A typical example of this process is the so-called pig cycle. A typical example is the labor market. The decision for a certain apprenticeship is often determined by the current demand on the labor market. A few years later this often leads to an oversupply of workers.
This is illustrated in the figure above.1
Let us start this analysis at the point marked "Start" on the aggregate supply curve: Based on their expectations, the suppliers have produced the offered quantity. The consumers push down the price due to the high quantity produced (vertical line, intersection with demand curve). At this low price, it is only for a few suppliers worthwhile to continue producing (horizontal line). According to this supply, the demand pushes the price upwards again (vertical section), which in turn causes the suppliers to produce more (horizontal section) etc. (If the point "supply" is below equilibrium, the cycle starts with the price increase).

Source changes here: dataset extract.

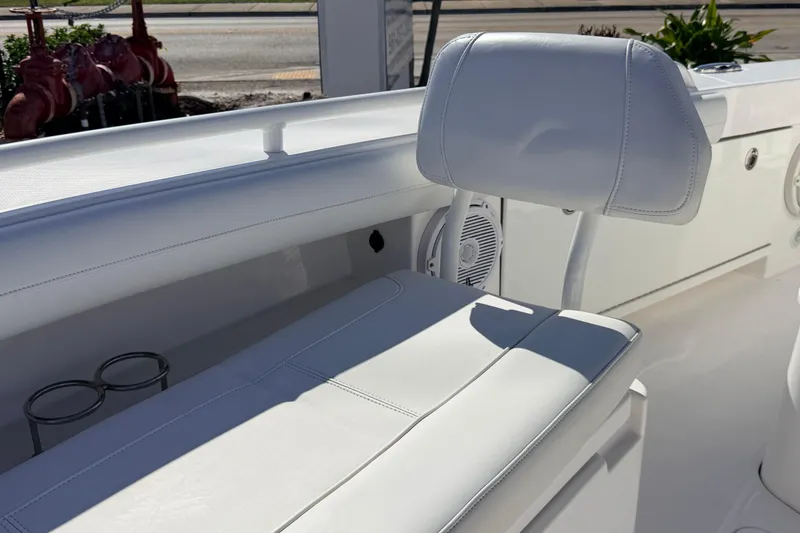 Slide: The Image of White seating on 2019 Everglades 253 Center Console boat, featuring cup holders and speaker. - 21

Although this sequence of action between consumers and suppliers is essentially always the same, it can lead to different results: Either the market equilibrium settles at the intersection of the demand and supply curve, or no equilibrium at all is achieved. The decisive factor for the result is the slope2 of the demand and supply function: If the supply curve is steeper in value than the demand curve, an equilibrium is established. If, however, it is flatter and the stability condition is therefore not met, no equilibrium is achieved; this is known as an "explosion" of the system. By shifting the demand and supply curve in the above figure, this situation can be illustrated.
1This graph is a so-called intertemporal or dynamic illustration, i.e. events at different points in time are shown within one graph. This approach makes it possible to see the development over time.
2Instead of the term slope, the term elasticity is often used. These are not identical, but the following connection applies: the steeper a curve is, at a given point, the less elastic it is.